= Opportunity zone =

American designation and investment program

An opportunity zone is a designation and investment program created by the Tax Cuts and Jobs Act of 2017 allowing for certain investments in lower income areas to have tax advantages. The program allows investors to defer capital gains taxes by reinvesting those gains into Qualified Opportunity Funds (QOFs) that develop or operate within these zones. If held for at least 10 years, any appreciation on the QOF investment becomes entirely tax-free.

Designed to unlock idle capital and drive economic revitalization, over 8,700 zones were designated across the U.S. While the program has successfully attracted billions in capital, it continues to evolve amid discussions about transparency, impact tracking, and equitable outcomes.

==History==
Opportunity Zones were proposed by Senators Tim Scott, Cory Booker, and Representatives Ron Kind, Pat Tiberi and supported by Sean Parker's Economic Innovation Group. States may designate up to 25% of low-income census tracts as Opportunity Zones. Opportunity Zones were created under the 2017 Tax Cuts and Jobs Act, signed into law by President Donald Trump.

The first Opportunity Zones were designated in April 2018. There are 8,764 Opportunity Zones in the 50 states, and five U.S. possessions, including American Samoa, Guam, Northern Mariana Islands, Puerto Rico, and the Virgin Islands.

Not all Opportunity Zones are in low income communities. Per Internal Revenue Code Section 1400Z-1(e), up to five percent of the Opportunity Zones in each state can be non-low income tracts contiguous to low-income tracts. In December 2019, Treasury issued final regulatory guidance on Qualified Opportunity Fund investing.

Opportunity Zones 1.0 (OZ 1.0) has facilitated approximately $100 billion in investment, contributed to the creation of around 400,000 housing units, and supported roughly half a million jobs. Under the One Big Beautiful Bill Act (OBBBA), signed into law on July 4, 2025, the Opportunity Zone program was updated to Opportunity Zones 2.0 (OZ 2.0), which will become effective on January 1, 2027. The program was made permanent and revised to enhance its long-term economic impact. The updates introduced additional reporting requirements aimed at improving transparency and accountability, alongside revised eligibility criteria for designated zones.

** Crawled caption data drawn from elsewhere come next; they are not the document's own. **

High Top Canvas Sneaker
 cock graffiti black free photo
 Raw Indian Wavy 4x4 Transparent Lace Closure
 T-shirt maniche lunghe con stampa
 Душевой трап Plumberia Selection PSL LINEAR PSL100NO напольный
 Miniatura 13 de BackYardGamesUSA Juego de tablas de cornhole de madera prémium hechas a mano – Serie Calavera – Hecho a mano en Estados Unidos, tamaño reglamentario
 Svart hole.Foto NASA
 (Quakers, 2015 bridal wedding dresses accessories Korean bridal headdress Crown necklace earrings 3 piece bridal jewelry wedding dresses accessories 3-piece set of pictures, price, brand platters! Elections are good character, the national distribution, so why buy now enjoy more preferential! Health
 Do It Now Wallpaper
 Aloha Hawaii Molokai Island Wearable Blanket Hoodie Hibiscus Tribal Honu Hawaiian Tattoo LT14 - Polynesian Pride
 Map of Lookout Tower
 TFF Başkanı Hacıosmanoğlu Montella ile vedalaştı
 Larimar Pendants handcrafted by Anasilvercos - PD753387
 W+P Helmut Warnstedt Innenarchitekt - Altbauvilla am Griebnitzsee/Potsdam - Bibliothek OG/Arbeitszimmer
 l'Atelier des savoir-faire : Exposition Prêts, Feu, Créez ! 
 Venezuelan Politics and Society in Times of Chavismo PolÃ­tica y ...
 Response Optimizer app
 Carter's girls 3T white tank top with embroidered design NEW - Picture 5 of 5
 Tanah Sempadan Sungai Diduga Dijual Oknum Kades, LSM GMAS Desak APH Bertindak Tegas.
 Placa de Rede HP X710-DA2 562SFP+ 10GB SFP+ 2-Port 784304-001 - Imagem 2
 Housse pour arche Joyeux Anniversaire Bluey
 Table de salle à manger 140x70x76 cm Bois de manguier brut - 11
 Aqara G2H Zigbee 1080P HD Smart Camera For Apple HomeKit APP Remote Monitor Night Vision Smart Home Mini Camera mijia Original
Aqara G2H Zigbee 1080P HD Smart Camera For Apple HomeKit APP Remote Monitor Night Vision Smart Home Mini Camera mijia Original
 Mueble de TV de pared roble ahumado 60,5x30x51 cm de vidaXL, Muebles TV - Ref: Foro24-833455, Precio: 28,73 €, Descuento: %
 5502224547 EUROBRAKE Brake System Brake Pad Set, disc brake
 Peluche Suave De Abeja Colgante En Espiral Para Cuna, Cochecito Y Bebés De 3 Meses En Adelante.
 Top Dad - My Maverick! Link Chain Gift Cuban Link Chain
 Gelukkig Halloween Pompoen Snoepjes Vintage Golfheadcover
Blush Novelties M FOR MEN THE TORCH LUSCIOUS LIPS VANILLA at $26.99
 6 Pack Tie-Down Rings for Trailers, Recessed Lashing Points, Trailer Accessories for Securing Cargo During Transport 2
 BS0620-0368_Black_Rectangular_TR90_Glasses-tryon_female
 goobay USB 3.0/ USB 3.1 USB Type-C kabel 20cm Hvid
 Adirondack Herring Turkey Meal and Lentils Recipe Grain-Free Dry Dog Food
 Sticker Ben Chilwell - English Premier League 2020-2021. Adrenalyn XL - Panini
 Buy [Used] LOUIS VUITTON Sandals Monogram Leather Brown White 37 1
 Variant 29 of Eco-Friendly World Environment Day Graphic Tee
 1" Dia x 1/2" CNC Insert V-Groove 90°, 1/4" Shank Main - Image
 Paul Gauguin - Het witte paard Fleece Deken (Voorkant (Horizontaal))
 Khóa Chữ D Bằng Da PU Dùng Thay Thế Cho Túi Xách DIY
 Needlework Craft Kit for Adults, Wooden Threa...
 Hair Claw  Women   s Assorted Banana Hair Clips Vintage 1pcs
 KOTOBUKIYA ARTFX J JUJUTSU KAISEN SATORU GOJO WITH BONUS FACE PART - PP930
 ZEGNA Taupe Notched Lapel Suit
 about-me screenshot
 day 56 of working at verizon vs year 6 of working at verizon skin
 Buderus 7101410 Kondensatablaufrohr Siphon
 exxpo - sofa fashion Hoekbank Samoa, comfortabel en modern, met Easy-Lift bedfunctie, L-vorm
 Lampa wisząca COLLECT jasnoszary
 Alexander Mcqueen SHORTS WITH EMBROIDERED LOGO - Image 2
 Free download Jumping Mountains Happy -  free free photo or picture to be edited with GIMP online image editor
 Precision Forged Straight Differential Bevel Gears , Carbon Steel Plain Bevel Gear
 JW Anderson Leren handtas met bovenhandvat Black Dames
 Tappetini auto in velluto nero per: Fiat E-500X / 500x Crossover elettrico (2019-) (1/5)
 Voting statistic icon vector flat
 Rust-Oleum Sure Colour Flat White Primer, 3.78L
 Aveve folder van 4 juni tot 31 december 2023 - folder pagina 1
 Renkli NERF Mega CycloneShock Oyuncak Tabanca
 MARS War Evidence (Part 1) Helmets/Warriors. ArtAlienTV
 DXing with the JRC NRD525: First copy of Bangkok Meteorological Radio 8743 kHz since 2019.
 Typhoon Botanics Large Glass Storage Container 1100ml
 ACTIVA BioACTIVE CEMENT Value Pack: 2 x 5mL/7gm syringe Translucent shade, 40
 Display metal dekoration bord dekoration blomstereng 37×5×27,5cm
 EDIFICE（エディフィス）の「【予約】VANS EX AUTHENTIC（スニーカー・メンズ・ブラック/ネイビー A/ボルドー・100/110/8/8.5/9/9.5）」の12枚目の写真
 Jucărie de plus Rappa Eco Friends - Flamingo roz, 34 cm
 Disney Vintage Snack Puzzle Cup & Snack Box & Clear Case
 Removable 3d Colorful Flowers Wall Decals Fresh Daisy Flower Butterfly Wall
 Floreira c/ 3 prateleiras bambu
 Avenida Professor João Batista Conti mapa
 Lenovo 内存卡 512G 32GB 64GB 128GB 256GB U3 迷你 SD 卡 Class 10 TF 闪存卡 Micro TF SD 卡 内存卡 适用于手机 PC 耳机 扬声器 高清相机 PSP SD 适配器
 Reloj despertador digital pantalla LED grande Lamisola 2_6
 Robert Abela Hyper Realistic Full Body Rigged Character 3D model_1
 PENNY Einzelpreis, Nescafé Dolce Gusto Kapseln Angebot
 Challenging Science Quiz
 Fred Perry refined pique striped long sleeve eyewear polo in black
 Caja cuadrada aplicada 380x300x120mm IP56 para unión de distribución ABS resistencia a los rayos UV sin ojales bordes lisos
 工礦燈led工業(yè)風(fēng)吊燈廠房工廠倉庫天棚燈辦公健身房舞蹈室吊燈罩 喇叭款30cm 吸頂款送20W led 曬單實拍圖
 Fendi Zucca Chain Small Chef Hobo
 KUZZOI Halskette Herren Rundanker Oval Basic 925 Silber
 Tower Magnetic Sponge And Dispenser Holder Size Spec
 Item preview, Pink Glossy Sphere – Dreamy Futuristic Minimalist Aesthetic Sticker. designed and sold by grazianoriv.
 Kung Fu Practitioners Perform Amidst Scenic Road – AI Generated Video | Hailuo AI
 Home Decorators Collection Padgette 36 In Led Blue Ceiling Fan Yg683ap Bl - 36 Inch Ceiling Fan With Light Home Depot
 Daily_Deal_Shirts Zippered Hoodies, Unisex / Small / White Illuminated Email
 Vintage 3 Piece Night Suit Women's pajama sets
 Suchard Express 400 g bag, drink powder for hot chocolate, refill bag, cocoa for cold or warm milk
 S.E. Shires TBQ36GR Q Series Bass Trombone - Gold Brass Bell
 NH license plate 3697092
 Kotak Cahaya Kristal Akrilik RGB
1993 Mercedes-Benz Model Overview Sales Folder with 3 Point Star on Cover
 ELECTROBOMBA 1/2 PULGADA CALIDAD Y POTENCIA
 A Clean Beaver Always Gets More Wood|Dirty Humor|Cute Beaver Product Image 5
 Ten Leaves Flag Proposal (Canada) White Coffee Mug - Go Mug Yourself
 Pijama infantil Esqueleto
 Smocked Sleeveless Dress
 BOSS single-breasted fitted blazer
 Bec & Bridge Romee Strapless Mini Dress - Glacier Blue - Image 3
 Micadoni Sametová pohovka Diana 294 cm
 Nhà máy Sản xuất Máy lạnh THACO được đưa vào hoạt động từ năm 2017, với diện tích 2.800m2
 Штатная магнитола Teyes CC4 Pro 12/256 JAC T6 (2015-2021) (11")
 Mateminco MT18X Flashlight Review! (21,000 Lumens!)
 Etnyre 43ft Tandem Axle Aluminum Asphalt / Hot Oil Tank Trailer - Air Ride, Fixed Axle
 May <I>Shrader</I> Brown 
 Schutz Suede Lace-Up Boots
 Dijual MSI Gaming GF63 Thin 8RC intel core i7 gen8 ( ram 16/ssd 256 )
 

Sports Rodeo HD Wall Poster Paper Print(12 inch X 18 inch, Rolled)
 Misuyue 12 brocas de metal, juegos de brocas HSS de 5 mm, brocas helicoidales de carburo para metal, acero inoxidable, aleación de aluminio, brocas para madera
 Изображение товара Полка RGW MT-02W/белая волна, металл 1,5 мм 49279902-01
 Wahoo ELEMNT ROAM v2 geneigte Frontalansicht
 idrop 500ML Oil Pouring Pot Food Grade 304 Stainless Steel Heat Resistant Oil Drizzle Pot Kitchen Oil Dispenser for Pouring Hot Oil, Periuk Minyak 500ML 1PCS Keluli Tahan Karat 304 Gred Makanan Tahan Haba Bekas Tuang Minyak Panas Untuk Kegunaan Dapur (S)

On April 1, 2026, the U.S. Department of the Treasury published the final nomination framework for OZ 2.0. The framework established a 90-day nomination window beginning on July 1, 2026, during which state governors may nominate up to 25% of eligible census tracts. It also eliminated the contiguous tract designation option, tightened the median family income eligibility threshold from 80% to 70%, and removed the provision allowing blanket designation of all census tracts in Puerto Rico.

==Requirements==
To qualify, the Opportunity Fund must invest more than 90% of its assets in a Qualified Opportunity Zone Property located in an Opportunity Zone. The property must be original use, or meet the definition of substantial improvement, meaning that the adjusted basis in the property must be doubled after purchase. Capital gain taxes are deferred for investments reinvested into investments in these zones and, if the investment is held for ten years, all capital gains on the new investment are waived. Despite the tax benefits and broad bipartisan support, the Opportunity Zones policy has its critics. Opportunity Zones are census tracts nominated by state authorities and certified by the IRS. A total of 8,764 census tracts have been so designated.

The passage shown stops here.